No vale la pena referirse a las declaraciones de la diputada Elisa Carrió sobre el particular, porque es más una tarea de la psiquiatría que de la política.

Pero es bueno analizar el texto del prestigioso letrado de Rafaela. Dice Zimerman:

“Quiénes aprovechan este momento para "trabajar" en contra del gobierno de turno y hacer todo lo posible para que al mismo le vaya mal y si es posible no pueda cumplir su mandato, son lisa y llanamente vulgares golpistas que no merecen ser respetados y se los debe denunciar para que les caiga todo el peso de ley”.

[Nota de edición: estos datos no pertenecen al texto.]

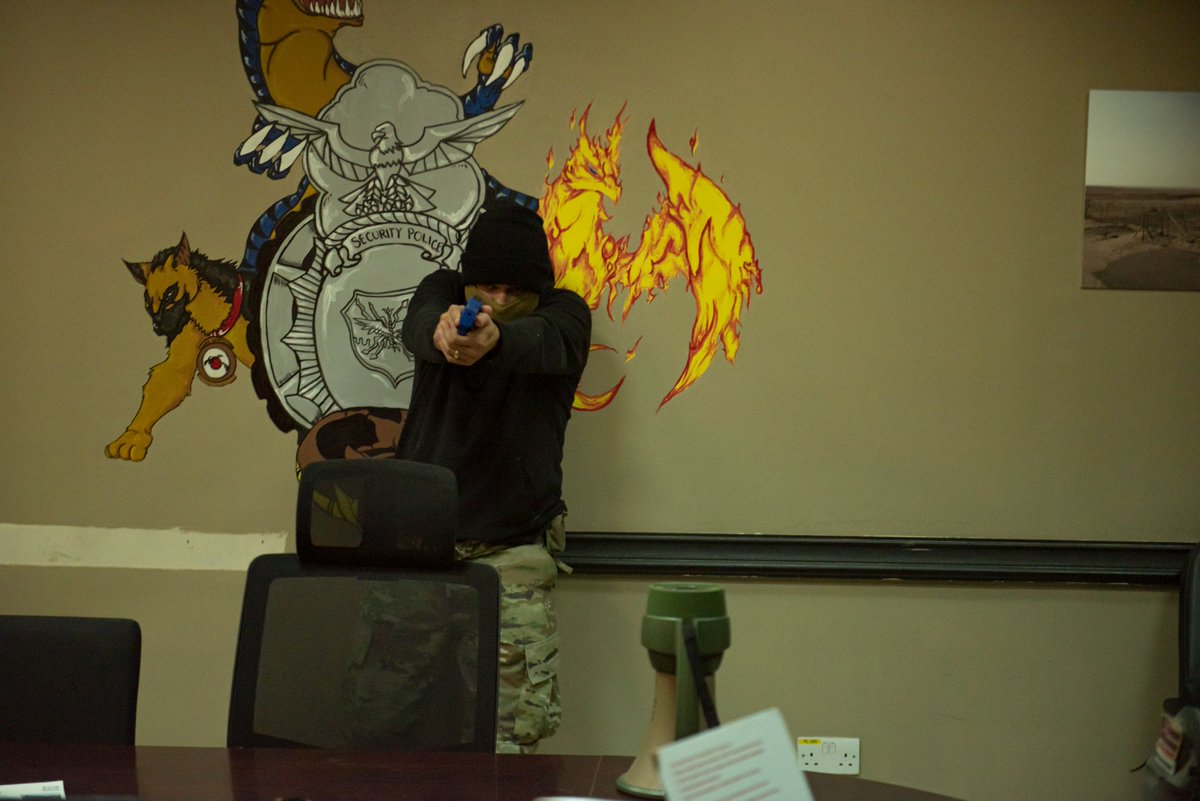 386thAEW's tweet photo. Our Defenders are always training to learn new skills as well as refining old ones. The 386th Expeditionary Security Forces Squadron went through multiple training scenarios on how to best respond to an active shooter event.
@USAFCENT @CENTCOM https://t.co/yMNGIhtegj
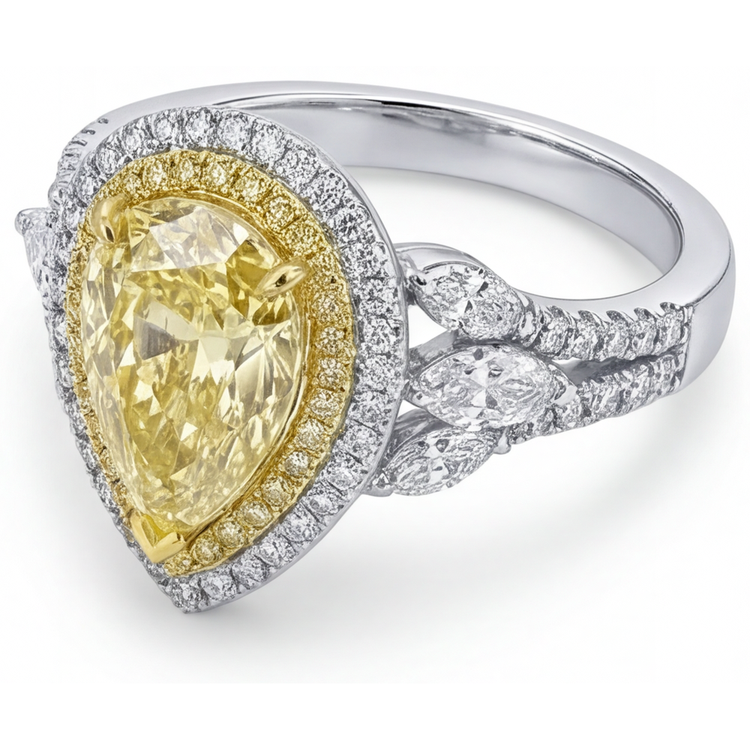 Bague Sertie Halo Or 14K Bicolore avec Diamant Jaune Canari – vue de profil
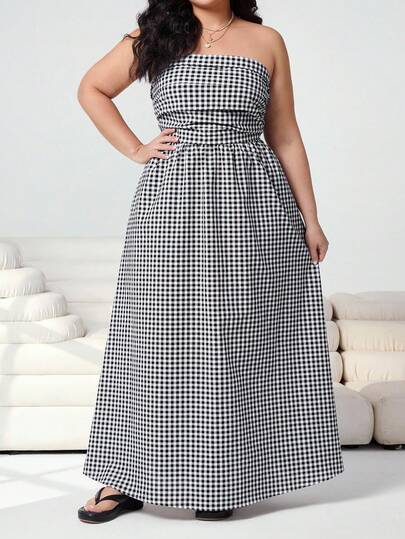 Comfortcana Plus Size Women's Casual Plaid Strapless Dress, Spring/Summer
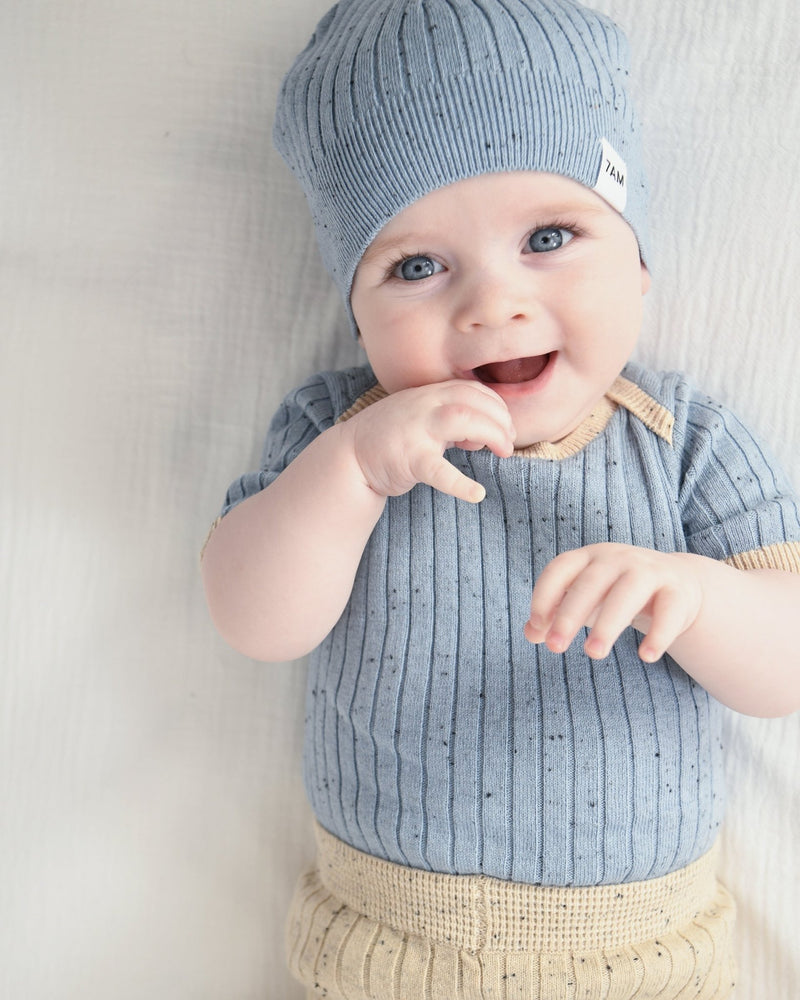7AM - Cotton Beanie Mother & Baby Lake Blue 18 - 24M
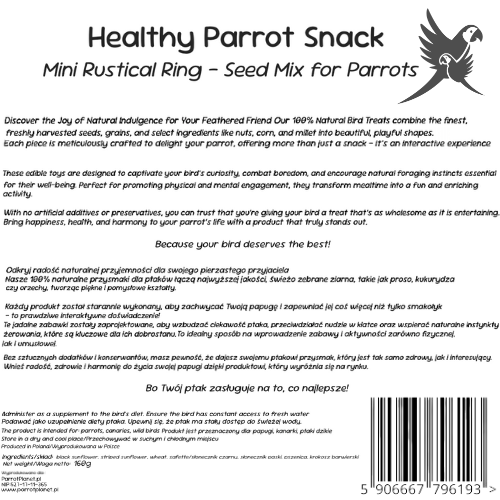 Parrot Planet - MINI RUSTICAL RING - pamlsek pro všechny papoušky 160 g od ParrotPlanet.cz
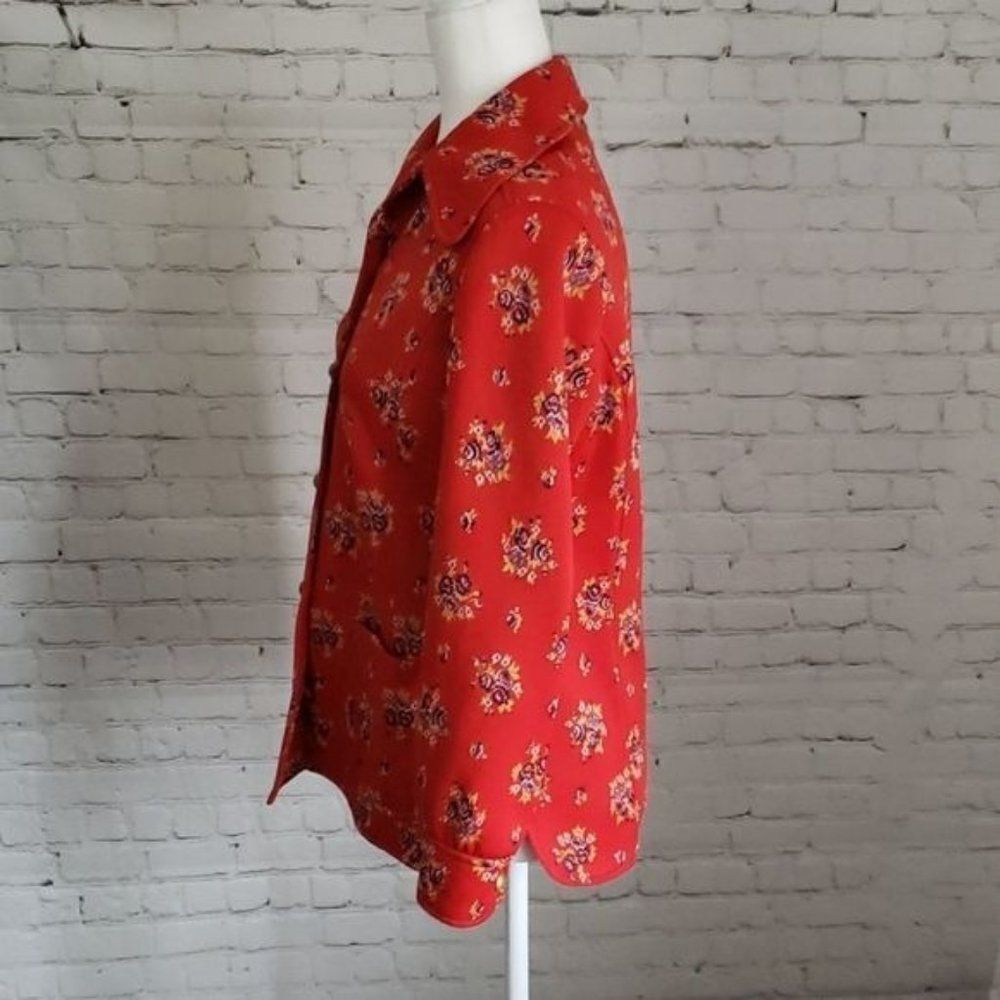 Vintage 60s Mod Floral Red Boho Button Down Shirt - image 4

La frase implica caminar sobre el filo de la navaja, porque, al no identificar a los presuntos desestabilizadores, “a quienes no cabe respetar y es necesario denunciar” da pie a avalar ataques al estado de derecho, ya muy lesionado en el presente gobierno.

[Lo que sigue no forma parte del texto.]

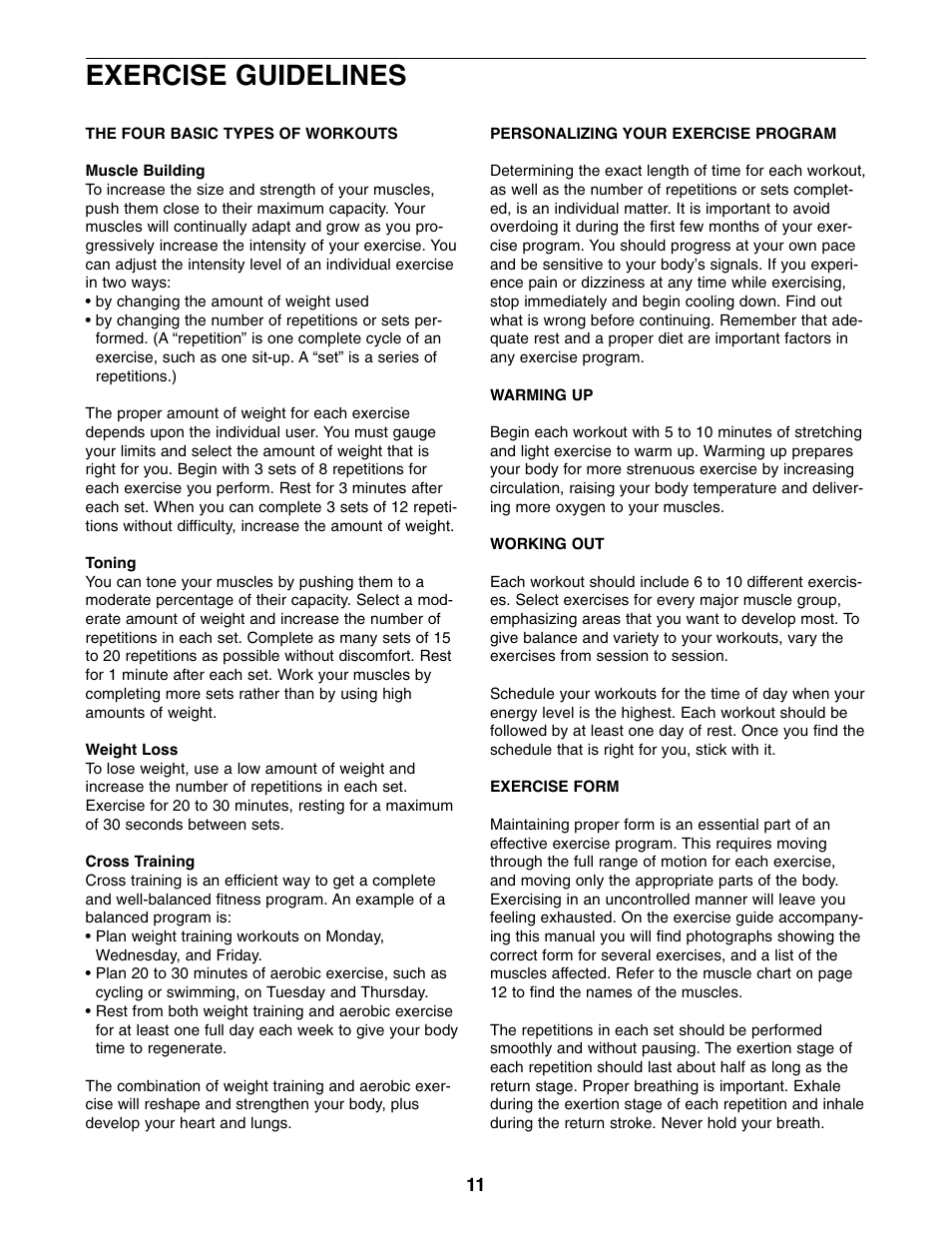 Exercise guidelines | Weider WEBE09310 User Manual | Page 11 / 16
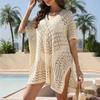 Women's Mesh Crochet Swimwear Cover-Up V-Neck Short Sleeve Hollow Out Beachwear Loose Fit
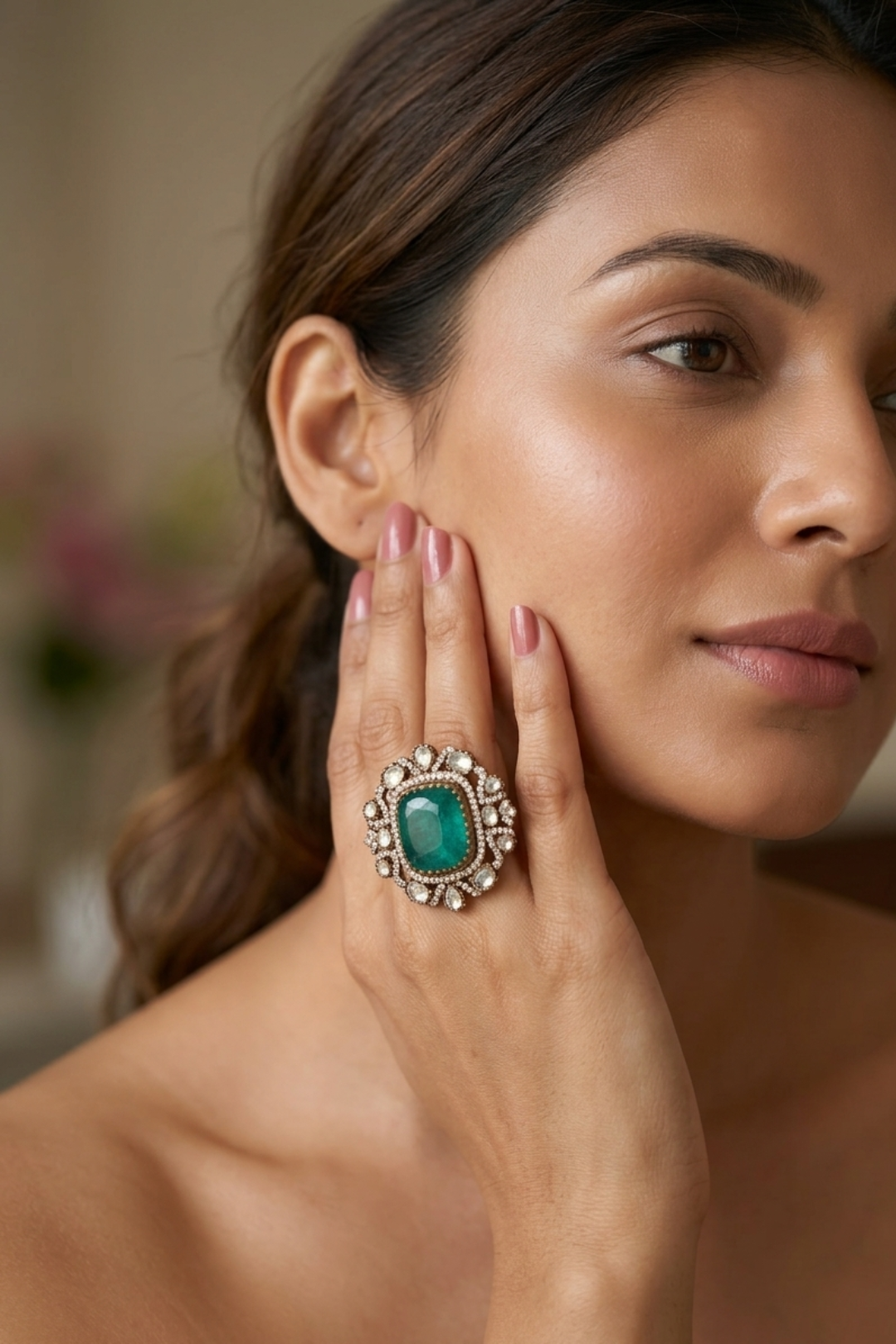 Disha Mehndi Square Polki Ring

En verdad estamos hoy muy lejos de actividades destituyentes, como lo fue el corte de todas las rutas del país durante meses, en reclamo por la resolución 125, o los cacerolazos en contra también de los gobiernos kirchneristas, legítimos, pero con una actitud agraviante hacia la entonces primera mandataria, que sin duda alcanzaba hasta la investidura presidencial.

Por el contrario, hay una oposición parlamentaria que -salvo contadas excepciones- votó todas los proyectos de ley presentados por el oficialismo. En tanto, los organizaciones sociales se deshacen en esfuerzos por morigerar la desesperante situación de miles y miles de familias, hundidas en la pobreza y el hambre, a través de una denodada labor en los comedores y merenderos.

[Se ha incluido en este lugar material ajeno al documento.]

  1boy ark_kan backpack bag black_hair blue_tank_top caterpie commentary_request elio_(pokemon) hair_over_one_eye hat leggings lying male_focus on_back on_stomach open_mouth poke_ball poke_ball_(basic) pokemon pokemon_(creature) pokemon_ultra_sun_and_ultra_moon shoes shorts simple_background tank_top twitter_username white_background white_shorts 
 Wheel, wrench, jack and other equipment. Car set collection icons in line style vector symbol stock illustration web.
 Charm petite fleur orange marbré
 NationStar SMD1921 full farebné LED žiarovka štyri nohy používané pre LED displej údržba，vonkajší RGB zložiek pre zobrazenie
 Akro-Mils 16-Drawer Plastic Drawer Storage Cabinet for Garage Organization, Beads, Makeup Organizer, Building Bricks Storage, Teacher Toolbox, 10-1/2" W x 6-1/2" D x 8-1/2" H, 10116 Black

Las manifestaciones y marchas en demanda de atención a los problemas sociales, por el salario, contra los despidos, y otras, son siempre pacíficas, con extremo cuidado por posibles desbordes. Existe sí, acción de grupos provocadores que se filtran entre los participantes, pero muchos de quienes integran esos grupos fueron identificados como pertenecientes a las fuerzas de seguridad o parapoliciales. Nunca a los organizadores ni a la ciudadania que nutre esas acciones.

Debe quedar en claro que no existe ninguna actitud destituyente. Lo que hay es un gobierno sin rumbo, víctima de su propias políticas. Si de la escalada del dólar se está hablando, no puede sorprendernos que quienes invirtieron en pesos, aprovechando las altísimas tasas ofrecidas, consideren llegado el momento de hacer una toma de ganancias, y volver a su refugio financiero. Es eso y nada más.

La oposición está llamando al gobierno a revisar un programa que conduce inevitablemente al default. No habrá préstamos -del Fondo o de cualquier otro- que pueda evitarlo, porque la única manera de que el país salga adelante es acrecentando simultáneamente las exportaciones y el mercado interno, condicionando la entrada y salida de capitales especulativos, exigiendo la liquidación de las operaciones de comercio exterior en un plazo perentorio, desalentando las importaciones superfluas y tratando de reemplazar las que no lo sean por productos argentinos.

Pero el gobierno hace oidos sordos a propuestas de este tipo y se va hundiendo con su línea de acción, sin capacidad ni vocación de dar un giro que evite la catástrofe.

No es de extrañar entonces que se levanten voces que le pidan que reconozca la gravedad de la situación que creó, y deje paso a quienes puedan generar confianza y comenzar la recuperación.